A photograph is commonly perceived as a visual representation of a specific place in a specific moment of time. It is that fleeting moment that we photographers are perpetually trying to catch; trying to freeze in time. But what if that one moment was just one piece of the puzzle? Arranging photographs in a specific order with intent, as a photographic series, gives the photographer the power to control the narrative and tell a story.

 

Take pictures!

First things first: take as many pictures you can! More photographs mean more material to work with, more variety in your selections and more options to play with. Let’s say you’ve been wandering around the city for a few weeks. The next step is to select the best photos! You can do this by instinct or try applying some kind of system.

 

Belgrade streets, 2013

Belgrade streets, 2013

 

I’ve selected the photos above keeping in mind that I wanted them to depict the bustling nature of the city, so my system was eliminating the ones I felt did not convey that. Pay attention to the general tone and color of the photos when selecting them. You want them to work together, not against each other.

A method you can use is to put an establishing shot first. Think about which photos could compliment it. That way you can build your photographic series around it and it makes the selection process easier.

Think in advance

Another system you could apply is thinking about your topic in advance. What are your interests outside of photography? If you are genuinely interested in what you are photographing, the photos will be that much better.

 

The Winner, 2012

The Winner, 2012

 

I wanted to make a photographic series that in some way depicted the statue called Winner, which is a prominent statue of a man, placed on the plateau of Kalemegdan fortress and the symbol of the city of Belgrade. So I wandered around the city, looking for scenes somehow including the Winner, but not in the first plan.
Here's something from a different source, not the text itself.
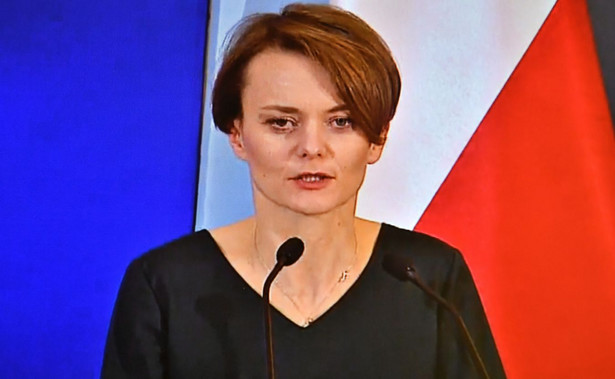 Warszawa, 18.03.2020. Minister rozwoju Jadwiga Emilewicz 18 bm. w siedzibie KPRM w Warszawie, podczas transmitowanej konferencji prasowej nt. Tarczy Antykryzysowej-pakietu działań, stabilizujących działanie gospodarki w trakcie pandemii koronawirusa. (amb) PAP/Andrzej Lange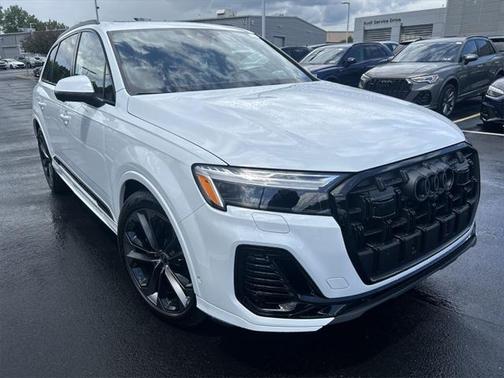 2025 Audi Q7 55 Premium Plus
I connected individual photographs by incorporating this tiny little figure hidden in the background.

 

Be methodical

Another way to go is to gradually develop a photographic series from an initial idea.

 

Still life, 2013

Still life, 2013

 

I was determined I wanted to take pictures of these pieces of plastic fruit and vegetables I found in Chinatown. To me they were so strange, I was obsessed with them! And after months of trying different approaches, I decided I would make the photographs resemble oil paintings. That way, the fact that some of the fruit in the photos was plastic wouldn’t be so obvious, and it would add another layer of intrigue.

There are many methods you can use when selecting photographs. Try connecting some of your existing photos by arranging them into a photographic series. Find out what works best for you or try a combination of different approaches. The great thing about being a photographer is you can live ‘different lives’. One day you’re taking photos in the studio and the next you are wandering around the forest. In the end, remember to trust your instinct!